Marghabai & another v Republic (Criminal Revision E063 of 2022) [2022] KEHC 16260 (KLR) (Crim) (5 December 2022) (Ruling)
Neutral citation:
[2022] KEHC 16260 (KLR)
Republic of Kenya
Criminal Revision E063 of 2022
JM Bwonwong'a, J
December 5, 2022
Between
Sunil Patel alias Patel Sunil Mafatlal Marghabai
1st Applicant
Intersparex Limited
2nd Applicant
and
Republic
Respondent
(Being an application for revision arising of the ruling delivered on 27th January 2022 by Hon S. Shitubi, C.M, in Milimani Chief Magistrates Court in Criminal case No. 1621 of 2018, Republic versus Sunil Patel alias Patel Sunil Mafatlal Marghabai and Intersparex Limited)
Ruling
1.The applicants have been charged with 4 counts of claiming value added relief not entitled contrary to section 97 (b) as read with section 104 (3) of the Tax Procedures Act, 2015 and 2 other counts of defaulting on an obligation imposed under the tax law contrary to section 97. They have also been charged with 7 other additional counts under the Tax Procedures Act, 2015.
2.During the trial, the applicants filed an application dated March 2, 2021 seeking an order directing the Director of Public Prosecutions (DPP) to produce various documents relating to the accounts of two companies namely Kishna Enterprises Limited and Shanlester Enterprises Limited.
3.The applicants also sought a ‘Norwich Pharmacal Order’ against the Diamond Trust Bank Limited for various documents stated in their application; that is, an order granted to a third party victim who finds himself mixed up in the wrong doing and needs to force disclosure of documents or information to put the record straight.
4.In response to the application, the prosecution filed grounds of opposition.

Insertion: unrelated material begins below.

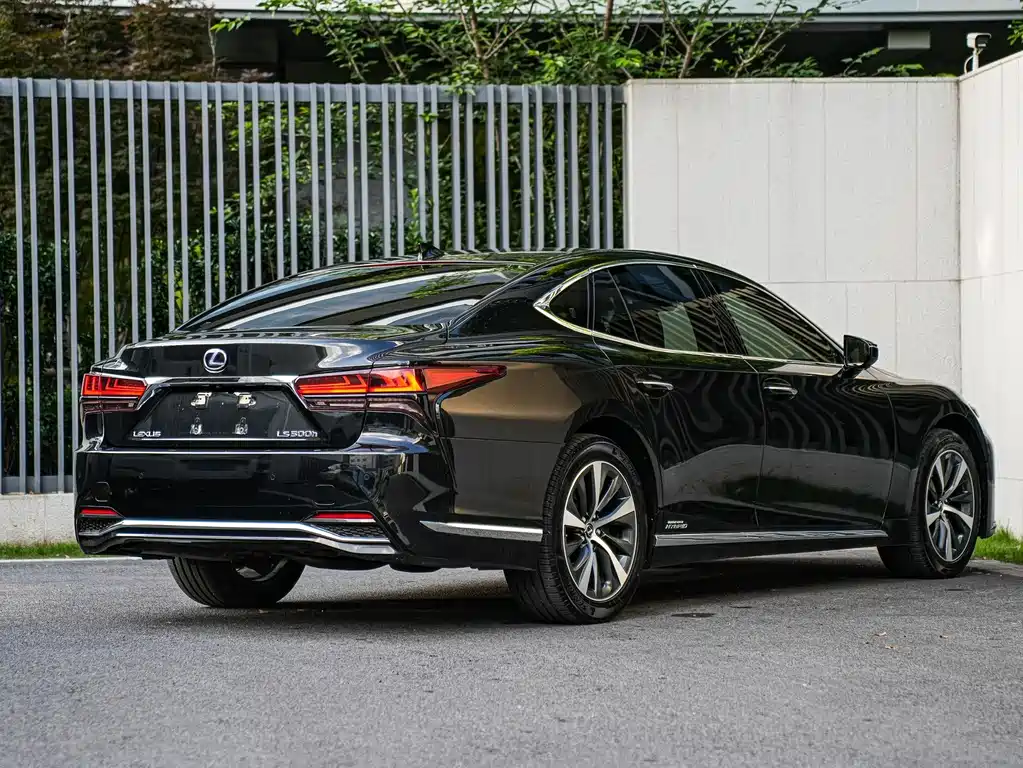 Lexus LS 500 h Outstanding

The application was canvassed by way of written submissions and the magistrate’s court delivered its ruling on January 27, 2022 dismissing the application.
5.The applicants have now approached this court by way of notice of motion dated 4th April 2022 pursuant to the provisions of articles 35 (b), 50 (1), (2) (j) & (k) of the Constitution of Kenya, section 42A, 362, 364 and 365 of the Criminal Procedure Code (Cap 75), Laws of Kenya and all other enabling provisions of the law.

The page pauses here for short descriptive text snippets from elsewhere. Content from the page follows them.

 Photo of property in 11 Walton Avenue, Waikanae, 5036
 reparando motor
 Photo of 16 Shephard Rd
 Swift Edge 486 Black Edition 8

6.The applicants also seek a review of the ruling delivered by Hon S.M Shitubi (C.M) on January 27, 2022 dismissing their application by ordering that the trial court take into consideration their written submissions dated December 14, 2021 and filed in court on December 15, 2021.

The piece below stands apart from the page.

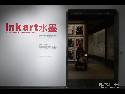     经过一年多的布展筹备，名为'Ink Art: Past as Present in Contemporary China'的大都会艺术博物馆水墨大展终于揭开序幕。展览被分为四个主题：文字、新风景、抽象、以及画笔外的艺术。不同于以往大都会博物馆呈现的传统书画乃至现代艺术展览，展览并没有明确的起点和终点。展览的大部分作品陈列于书画展厅。图为展厅主要入口。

7.The applicants have also sought an order that the notice of motion dated March 2, 2022 be heard de novo before a different Magistrate.
8.The application is premised on the grounds that when the trial magistrate directed the application to be canvassed by way of written submissions, the applicants filed their submissions dated December 14, 2021. However, for unknown reasons the trial court did not acknowledge the same in the ruling issued on January 27, 2022. Further, that the non-reference to their written submission is a grave mistake apparent on the record. It is the applicants’ case that that failure, neglect and/or refusal of the trial court to consider their written submissions is tantamount to denying them an opportunity to be heard. They have also contended that this application is made in the interest of fair administration of justice and no party to the proceedings is likely to suffer any prejudice should the orders sought be granted.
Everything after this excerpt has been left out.